**THE INPUT:**
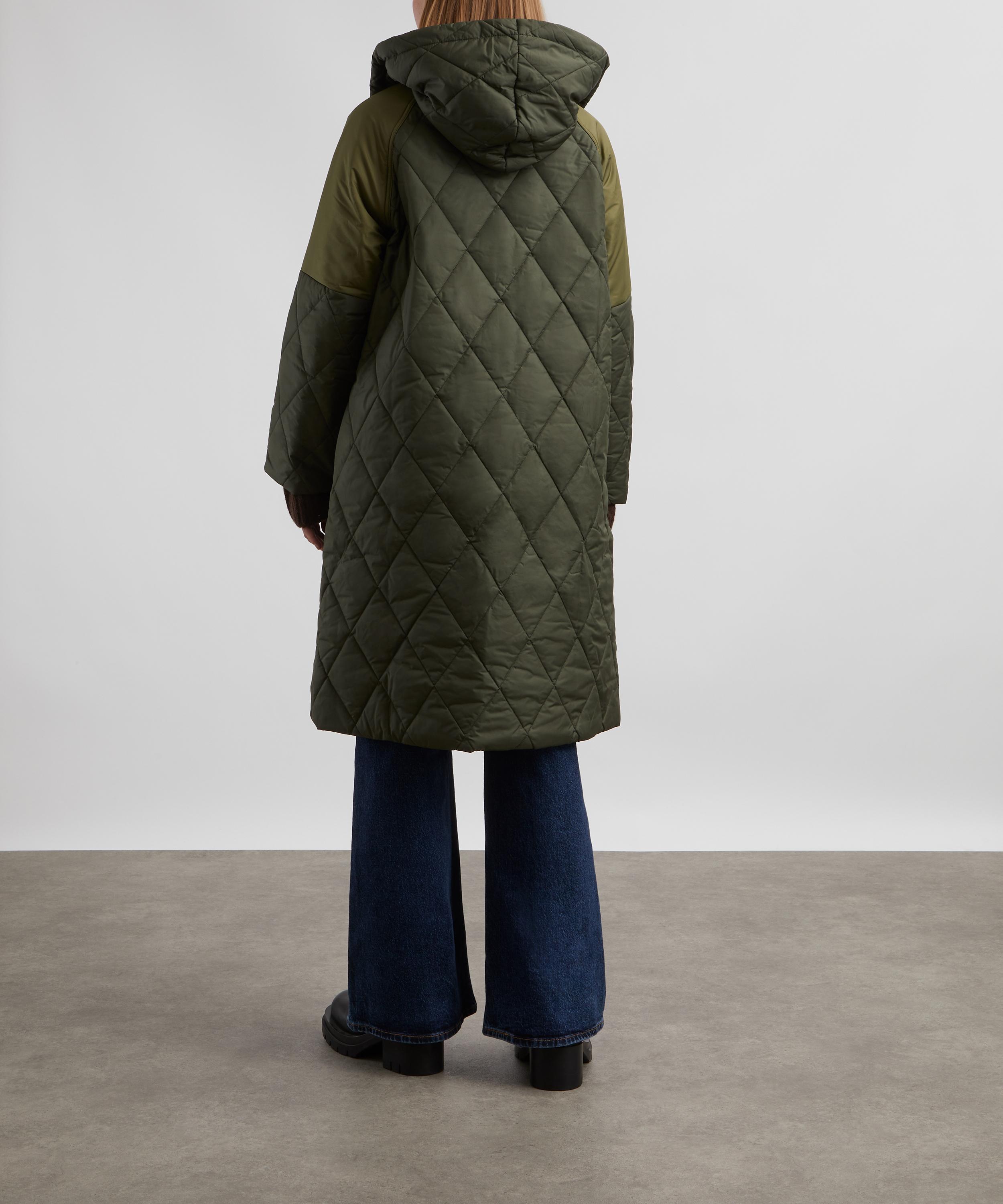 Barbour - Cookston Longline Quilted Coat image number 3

...

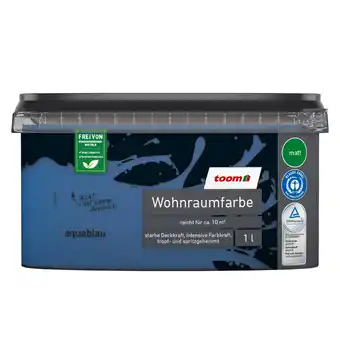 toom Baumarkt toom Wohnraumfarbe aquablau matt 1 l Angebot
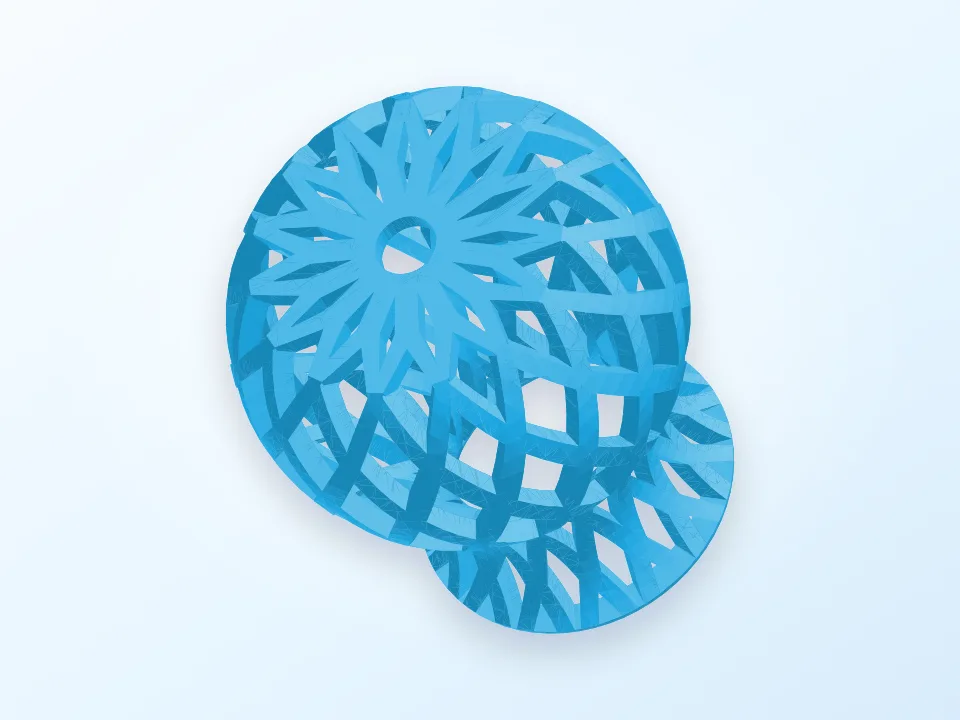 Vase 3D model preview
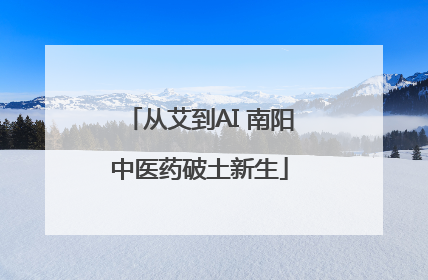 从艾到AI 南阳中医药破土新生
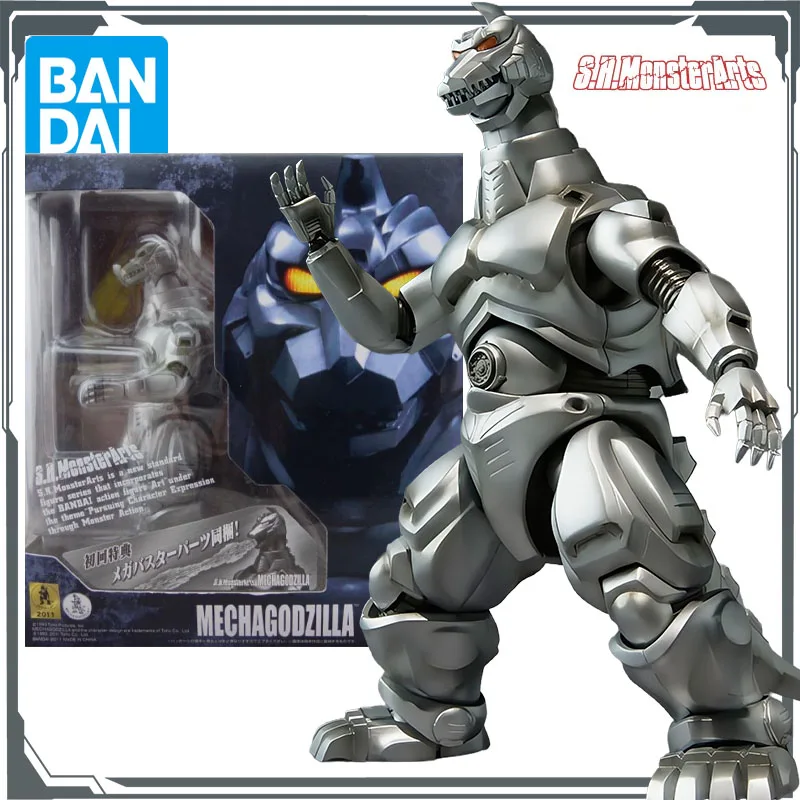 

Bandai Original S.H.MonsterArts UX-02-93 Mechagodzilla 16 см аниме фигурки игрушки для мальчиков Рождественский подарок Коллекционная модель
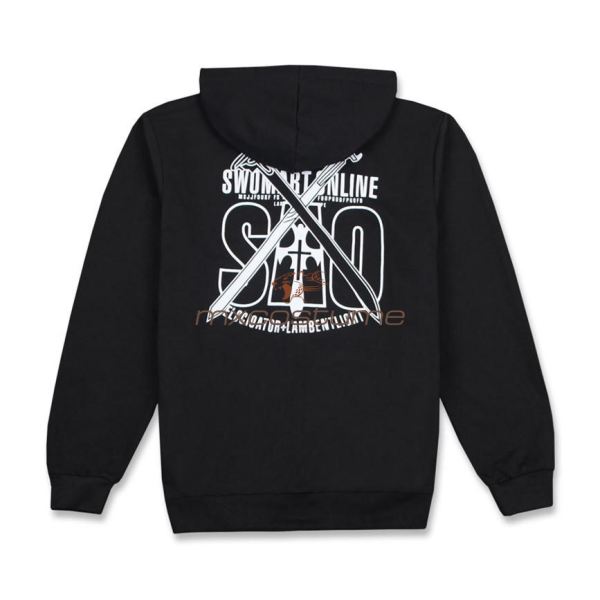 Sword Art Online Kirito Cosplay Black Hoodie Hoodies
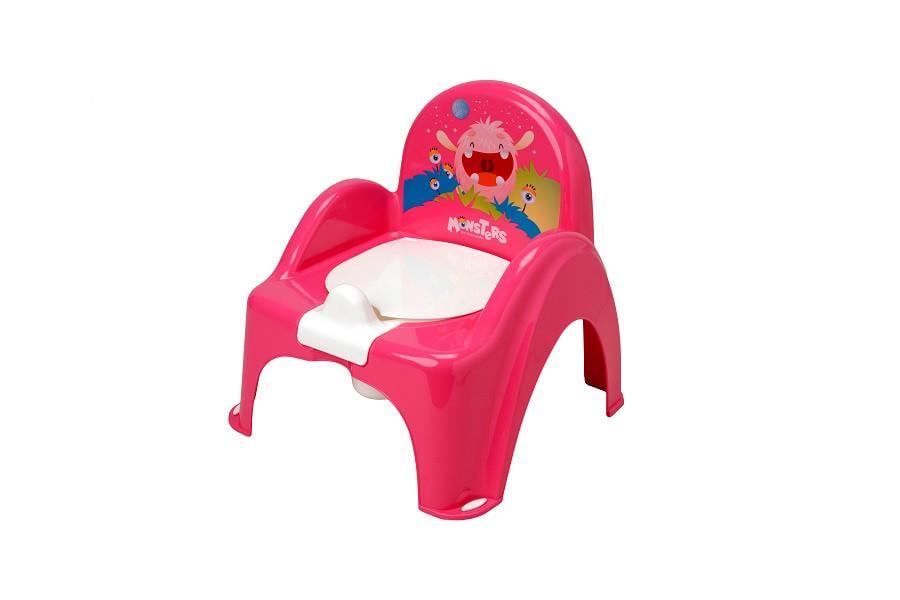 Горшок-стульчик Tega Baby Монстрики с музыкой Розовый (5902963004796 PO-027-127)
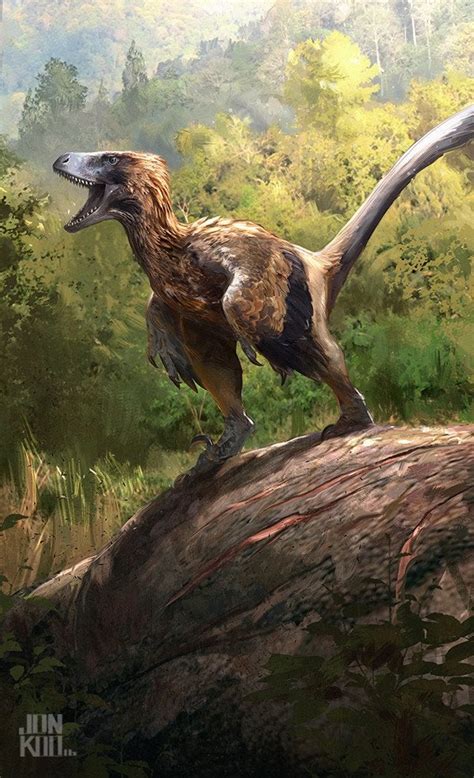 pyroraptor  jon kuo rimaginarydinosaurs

**PROBLEM TO WORK ON:**
Pictures are to be left out. Write out only the lines above starting at the one with "Горшок-стульчик Tega Baby" and ending at the one with "jon kuo rimaginarydinosaurs", both lines included, exactly.

**TASK SOLUTION:**
 Горшок-стульчик Tega Baby Монстрики с музыкой Розовый (5902963004796 PO-027-127)
 pyroraptor  jon kuo rimaginarydinosaurs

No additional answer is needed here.